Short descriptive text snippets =
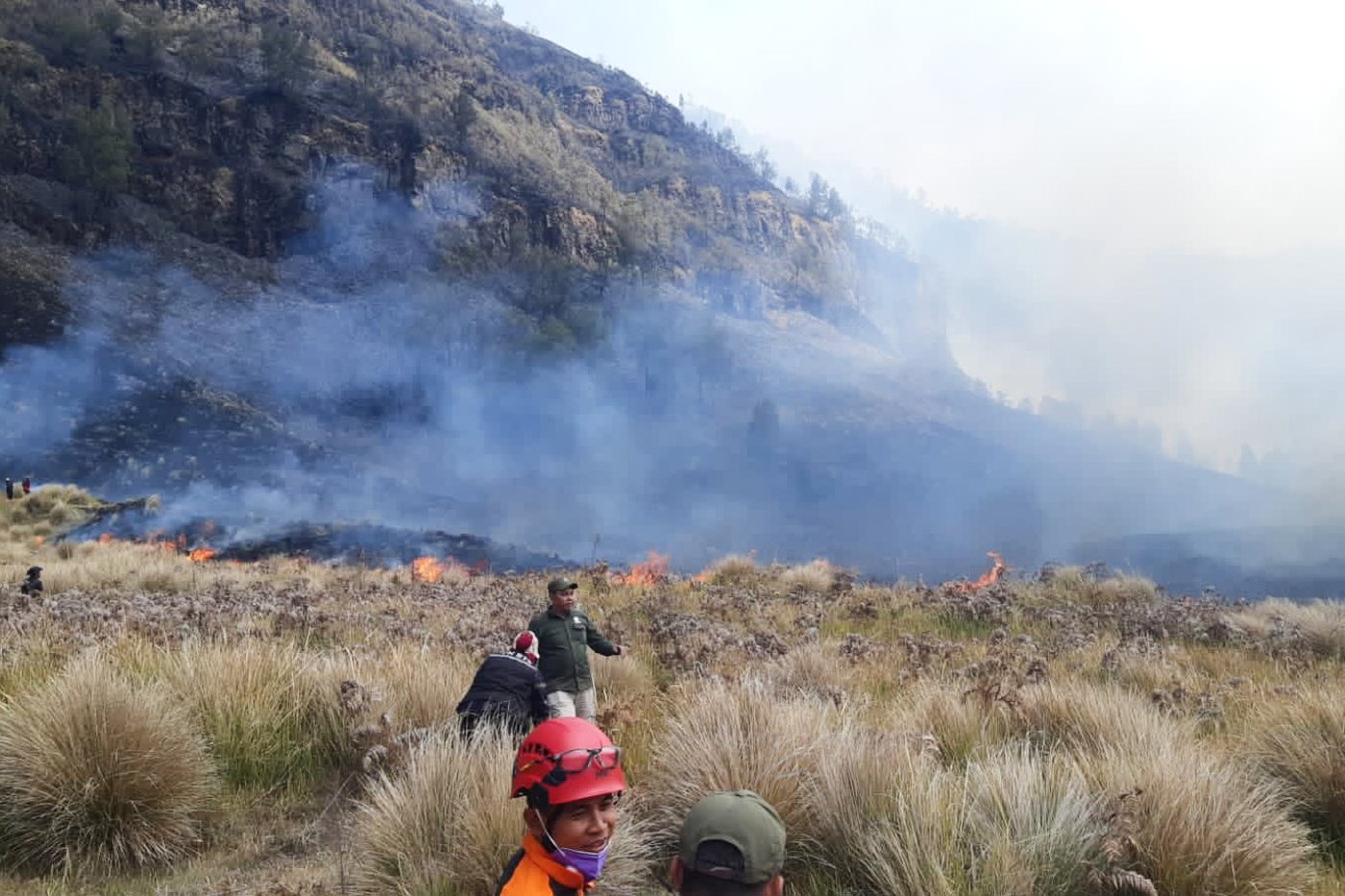 Fire burns 60 hectares in Indonesia’s Mount Bromo National Park | iNFOnews.ca Fire burns 60 hectares in Indonesia’s Mount Bromo National Park | iNFOnews.ca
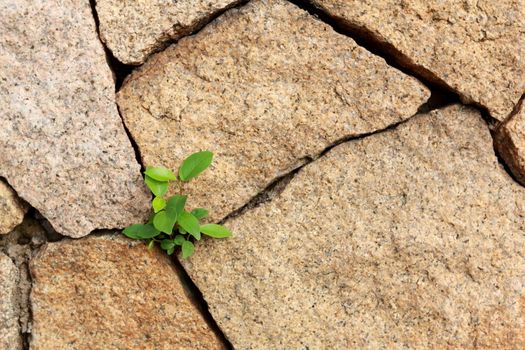 A young plant growing in an unfavorable location at lower left of the frame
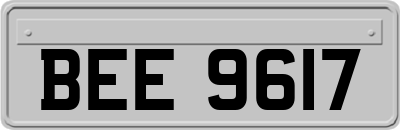 BEE9617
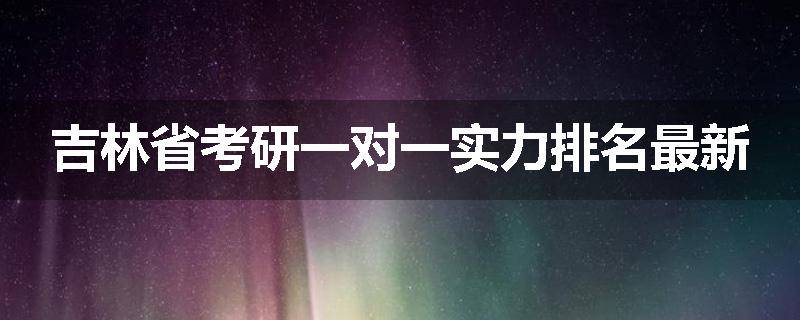 吉林省考研一对一实力排名最新
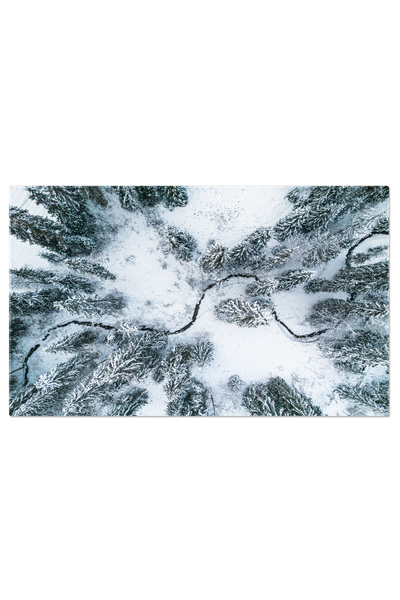 StoryGift Romania Tablou Canvas - Zi Insorita Si Iarna In Parcul Cu Natura In...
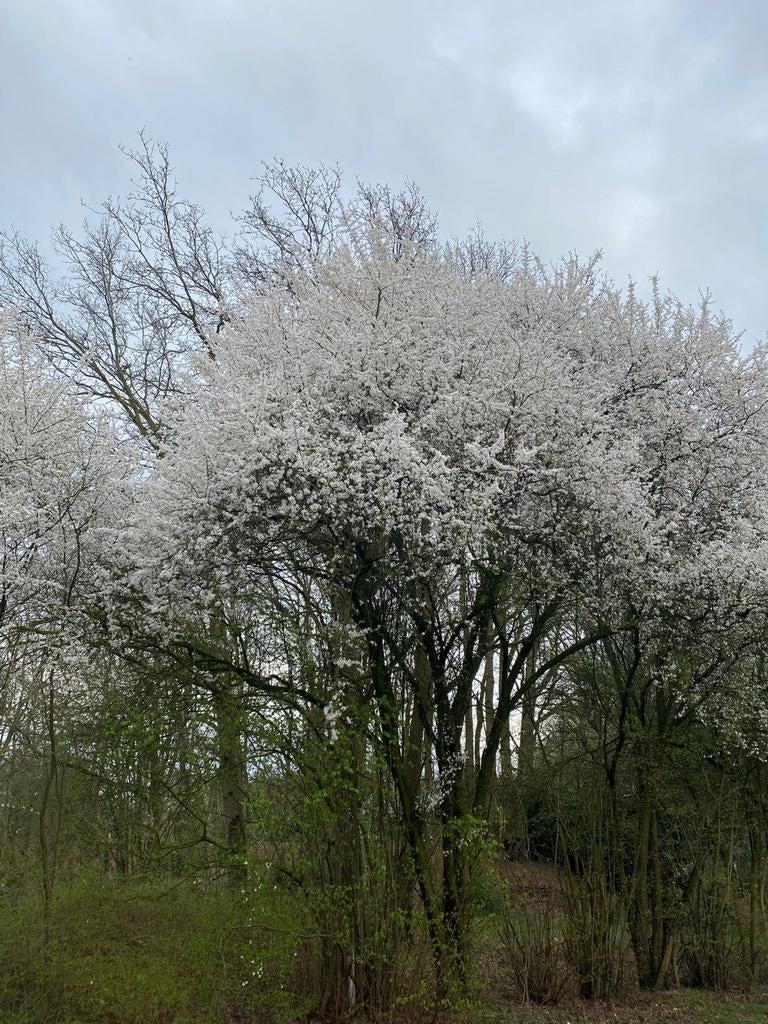Gezocht vrijwilliger op camping in ruil voor staplaats, Vacatures, Overige niveaus, Starter, Overige vormen
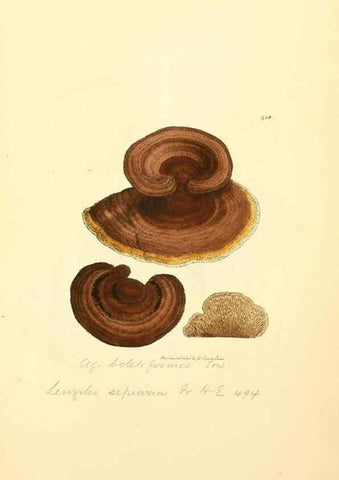 Reproducción/Reproduction 8230603690: Coloured figures of English fungi or mushrooms.. London,Printed by J. Davis,1797-[1809]
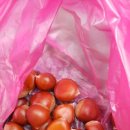 구름계곡캠핑장 이미지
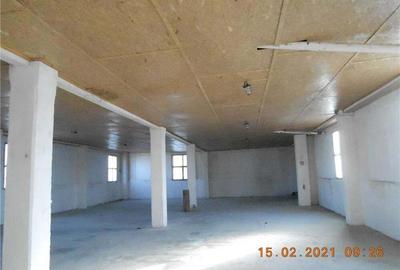 Spațiu comercial, de 800 mp, în Ineu - 6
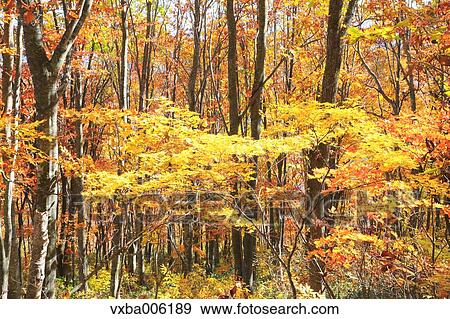 Autumn leaves, Nagano Prefecture, Japan View Large Photo Image Stock Photo - Autumn leaves, Nagano Prefecture, Japan. Fotosearch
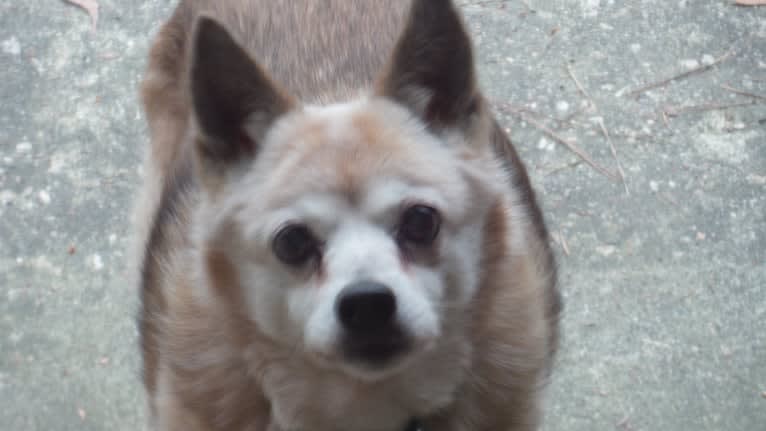 Lassie, a Pomeranian and Rat Terrier mix tested with EmbarkVet.com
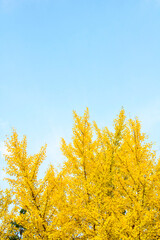 Fototapeta premium Ginkgo yellow leaf in Autumn season 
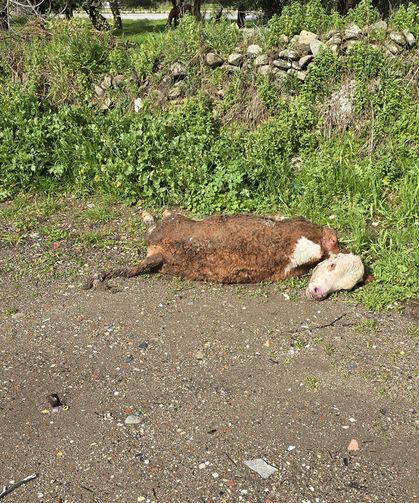 Telef olan hayvanı yol kenarına attılar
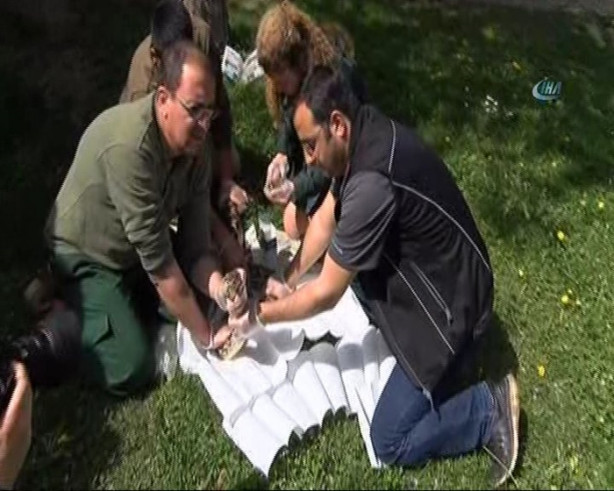 Hastalanan dev yılana nefes kesen operasyon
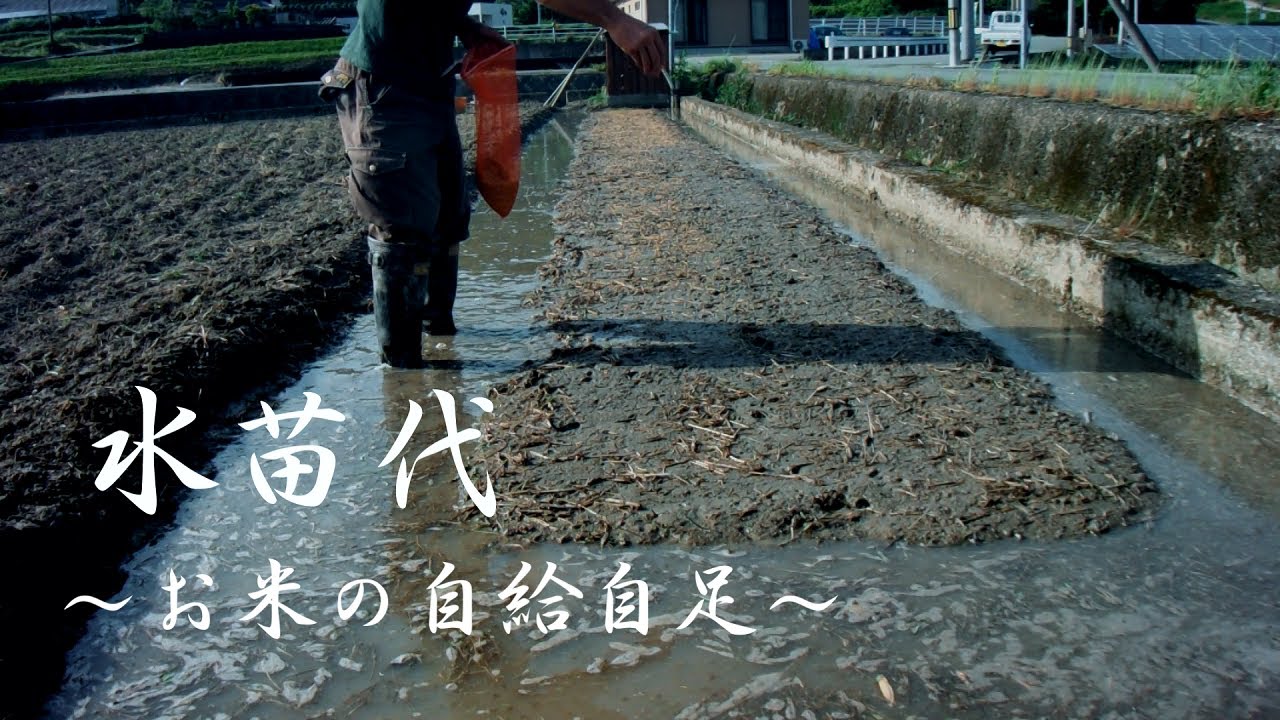 昔ながらの苗代を作る～①お米の自給自足～Old-fashioned Japanese rice farming.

EXERCISE REQUIREMENTS = Begin at the first line of the entries and stop after the line holding "Autumn leaves, Nagano Prefecture, Japan View"; repeat those lines exactly, but not the pictures.

SOLUTION TO THIS TASK =
 Fire burns 60 hectares in Indonesia’s Mount Bromo National Park | iNFOnews.ca Fire burns 60 hectares in Indonesia’s Mount Bromo National Park | iNFOnews.ca
 A young plant growing in an unfavorable location at lower left of the frame
 BEE9617
 吉林省考研一对一实力排名最新
 StoryGift Romania Tablou Canvas - Zi Insorita Si Iarna In Parcul Cu Natura In...
Gezocht vrijwilliger op camping in ruil voor staplaats, Vacatures, Overige niveaus, Starter, Overige vormen
 Reproducción/Reproduction 8230603690: Coloured figures of English fungi or mushrooms.. London,Printed by J. Davis,1797-[1809]
 구름계곡캠핑장 이미지
 Spațiu comercial, de 800 mp, în Ineu - 6
 Autumn leaves, Nagano Prefecture, Japan View Large Photo Image Stock Photo - Autumn leaves, Nagano Prefecture, Japan. Fotosearch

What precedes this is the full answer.